Segment Start: THE INPUT
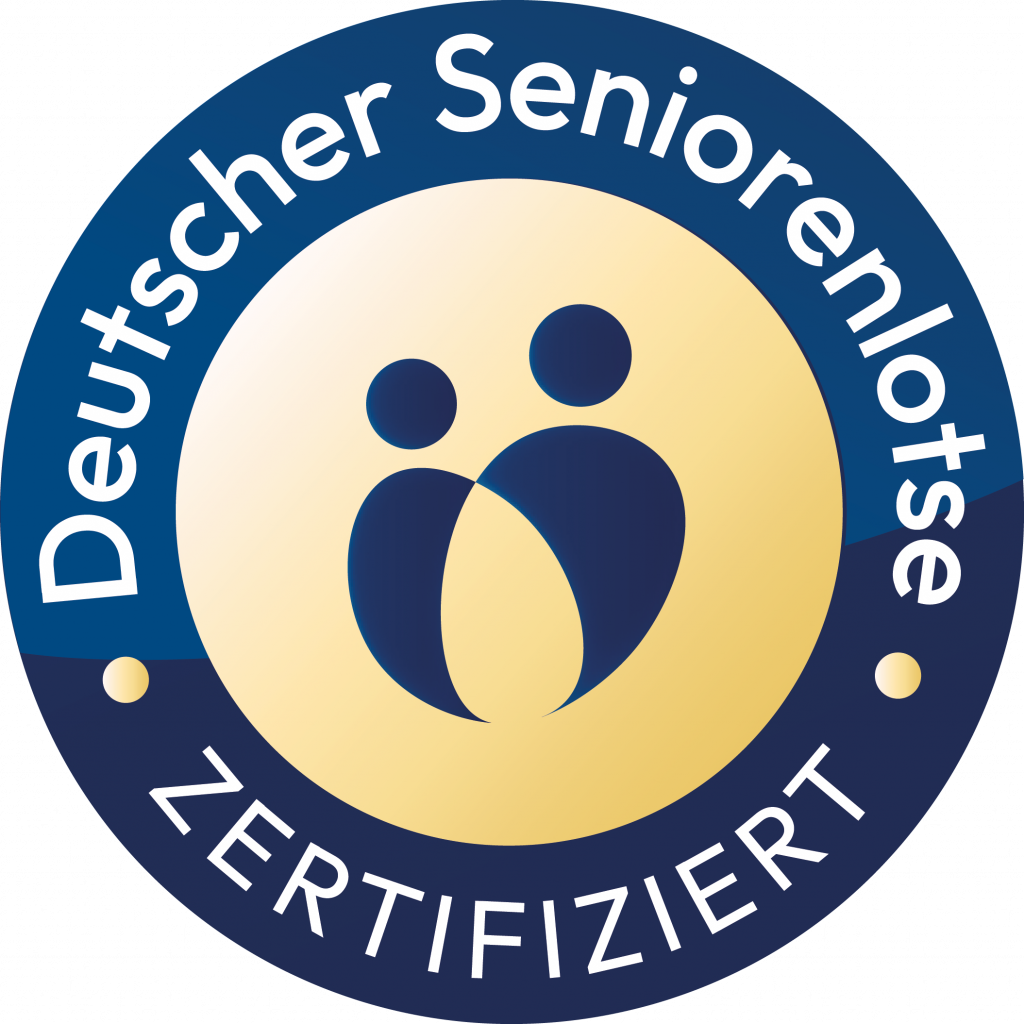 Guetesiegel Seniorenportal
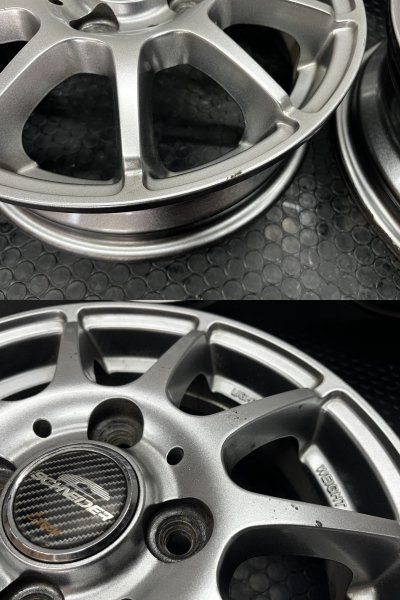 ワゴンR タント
Segment End: THE INPUT
Segment Start: THE INPUT
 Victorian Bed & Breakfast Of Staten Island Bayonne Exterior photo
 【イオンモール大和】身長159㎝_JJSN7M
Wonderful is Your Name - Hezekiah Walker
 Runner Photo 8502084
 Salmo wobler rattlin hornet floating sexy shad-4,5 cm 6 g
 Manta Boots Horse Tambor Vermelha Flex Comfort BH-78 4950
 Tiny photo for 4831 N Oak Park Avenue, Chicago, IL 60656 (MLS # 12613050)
Segment End: THE INPUT
Segment Start: THE INPUT
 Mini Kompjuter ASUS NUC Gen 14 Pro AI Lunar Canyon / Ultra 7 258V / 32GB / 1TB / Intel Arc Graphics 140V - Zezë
Segment End: THE INPUT
Reproduce, word for word and in full, only the lines above that start at the line with "Manta Boots Horse" and run through the line with "Tiny photo for", both ends included.

 Manta Boots Horse Tambor Vermelha Flex Comfort BH-78 4950
 Tiny photo for 4831 N Oak Park Avenue, Chicago, IL 60656 (MLS # 12613050)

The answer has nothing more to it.